The authors of the FAIR-HF studied the effects of Ferinject(R) (ferric carboxymaltose) on renal function in iron deficient, anaemic or non-anaemic patients with chronic heart failure (CHF). Renal dysfunction commonly complicates the natural course of CHF as it makes patients susceptible to more severe symptoms and increases the risk of hospitalisation and death. Current CHF therapies appear to have little or no beneficial effect on declining renal function due to CHF.
"The results of the subanalysis are exciting findings for cardiologists and nephrologists who treat these patients, and need to be investigated further," said Dr. Piotr Ponikowski, Professor of Cardiology at the Medical University in Wroclaw, Poland. "Many patients with CHF have renal dysfunction which is strongly related to poor health outcomes. None of the therapies used currently or recommended for CHF patients have a favourable effect on renal function. Thus, there is great interest in treatments which may have renoprotective properties."
In total, 459 patients with CHF and iron deficiency were studied in 75 sites around the world. Two-thirds of the patients received Ferinject(R) weekly until the iron deficiency was reversed, with monthly treatment (maintenance phase) thereafter until week 24. The remaining patients received a placebo. Renal function was evaluated by assessing the estimated glomerular filtration rate (eGFR) at baseline and throughout the study (at weeks 4, 12 and 24). Increased eGFR corresponds to increased renal function, i.e. improvement.
At study weeks 4, 12 and 24, eGFR was found to be increased in patients receiving Ferinject(R), compared to a small decrease in renal function in the placebo group. At the end of the study, eGFR had increased by a mean of 3.2 ml/min/1.73m2 from baseline in Ferinject(R)-treated patients, whereas in the placebo group, eGFR was reduced by 0.6 ml/min/1.73m2. The difference between the Ferinject(R) and placebo groups was statistically significant (p = 0.017 at week 24). These improvements in eGFR were seen as early as week 4 of the study. The response to Ferinject(R) was independent of the level of renal function at the start of the study, age, sex, CHF severity, or the presence of anaemia.

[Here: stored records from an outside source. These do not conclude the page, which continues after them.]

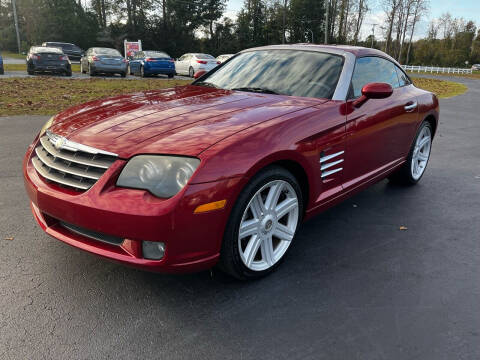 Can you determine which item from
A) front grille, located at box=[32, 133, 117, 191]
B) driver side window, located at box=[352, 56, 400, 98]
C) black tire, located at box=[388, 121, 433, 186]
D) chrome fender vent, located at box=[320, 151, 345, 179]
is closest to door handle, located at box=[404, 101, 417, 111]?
driver side window, located at box=[352, 56, 400, 98]

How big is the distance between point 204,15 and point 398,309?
5512 cm

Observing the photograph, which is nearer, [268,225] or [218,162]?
[218,162]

35% of patients treated with Ferinject(R) achieved an increase in eGFR of more than 5 ml/min/1.73m2, which is considered to be clinically meaningful, whilst 32% of patients on placebo showed a decline in eGFR of more than 5ml/min/1.73m2. Dr. Iain Macdougall, of King's College Hospital, London, United Kingdom, commented: "There has been increasing interest and collaboration among nephrologists and cardiologists in elucidating the causes and improving the management of the cardio-renal anaemia syndrome. The synergy between the heart and the kidney is now well-recognised, and any impact on heart function appears to impact kidney function, and vice versa." He added: "The data presented here continue on this theme and show that intravenous iron therapy may be able to improve the function of both organs simultaneously. Further elucidation of the mechanisms involved are required."